◆ **TASK BRIEF**:
Print each line once more, unchanged, from the line holding "Summer Sexy Women" to the end of the listing below.

-*-

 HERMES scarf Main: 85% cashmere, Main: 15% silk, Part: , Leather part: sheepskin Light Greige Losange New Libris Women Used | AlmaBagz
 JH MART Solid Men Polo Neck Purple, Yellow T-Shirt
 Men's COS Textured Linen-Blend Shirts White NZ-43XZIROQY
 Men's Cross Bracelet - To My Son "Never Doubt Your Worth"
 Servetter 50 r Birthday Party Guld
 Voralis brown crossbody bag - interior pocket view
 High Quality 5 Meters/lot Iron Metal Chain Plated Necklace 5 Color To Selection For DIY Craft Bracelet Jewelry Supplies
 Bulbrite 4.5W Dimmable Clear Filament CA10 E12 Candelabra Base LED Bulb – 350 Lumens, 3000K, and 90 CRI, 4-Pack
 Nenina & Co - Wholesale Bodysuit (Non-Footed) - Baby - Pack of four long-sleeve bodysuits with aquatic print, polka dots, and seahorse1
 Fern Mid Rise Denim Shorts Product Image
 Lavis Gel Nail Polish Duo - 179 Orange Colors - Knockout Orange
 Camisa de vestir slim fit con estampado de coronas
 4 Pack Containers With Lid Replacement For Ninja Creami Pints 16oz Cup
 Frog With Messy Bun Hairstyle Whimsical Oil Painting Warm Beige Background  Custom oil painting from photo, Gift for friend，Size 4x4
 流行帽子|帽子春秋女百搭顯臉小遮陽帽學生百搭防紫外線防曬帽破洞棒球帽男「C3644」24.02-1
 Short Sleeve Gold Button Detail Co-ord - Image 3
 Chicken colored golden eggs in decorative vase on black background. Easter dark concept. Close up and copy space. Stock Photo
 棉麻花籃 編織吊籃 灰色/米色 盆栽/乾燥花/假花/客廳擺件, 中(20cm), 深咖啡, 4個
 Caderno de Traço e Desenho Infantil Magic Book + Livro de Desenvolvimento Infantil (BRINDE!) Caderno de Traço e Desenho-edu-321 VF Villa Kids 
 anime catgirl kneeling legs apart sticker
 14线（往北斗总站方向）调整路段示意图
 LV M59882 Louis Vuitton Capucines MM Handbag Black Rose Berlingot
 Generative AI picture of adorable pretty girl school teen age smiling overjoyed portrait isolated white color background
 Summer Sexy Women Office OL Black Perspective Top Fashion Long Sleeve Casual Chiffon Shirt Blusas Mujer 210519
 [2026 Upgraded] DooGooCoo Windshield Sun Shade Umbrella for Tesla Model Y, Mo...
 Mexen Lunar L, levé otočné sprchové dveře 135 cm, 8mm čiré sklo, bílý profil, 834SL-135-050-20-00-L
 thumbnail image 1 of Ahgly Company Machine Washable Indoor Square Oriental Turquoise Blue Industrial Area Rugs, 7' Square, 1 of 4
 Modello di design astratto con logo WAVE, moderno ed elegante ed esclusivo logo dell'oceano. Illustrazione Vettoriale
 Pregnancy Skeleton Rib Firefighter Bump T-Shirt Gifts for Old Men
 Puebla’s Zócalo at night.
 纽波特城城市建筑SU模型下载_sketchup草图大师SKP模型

-*-

◆ **YOUR SOLUTION**:
 Summer Sexy Women Office OL Black Perspective Top Fashion Long Sleeve Casual Chiffon Shirt Blusas Mujer 210519
 [2026 Upgraded] DooGooCoo Windshield Sun Shade Umbrella for Tesla Model Y, Mo...
 Mexen Lunar L, levé otočné sprchové dveře 135 cm, 8mm čiré sklo, bílý profil, 834SL-135-050-20-00-L
 thumbnail image 1 of Ahgly Company Machine Washable Indoor Square Oriental Turquoise Blue Industrial Area Rugs, 7' Square, 1 of 4
 Modello di design astratto con logo WAVE, moderno ed elegante ed esclusivo logo dell'oceano. Illustrazione Vettoriale
 Pregnancy Skeleton Rib Firefighter Bump T-Shirt Gifts for Old Men
 Puebla’s Zócalo at night.
 纽波特城城市建筑SU模型下载_sketchup草图大师SKP模型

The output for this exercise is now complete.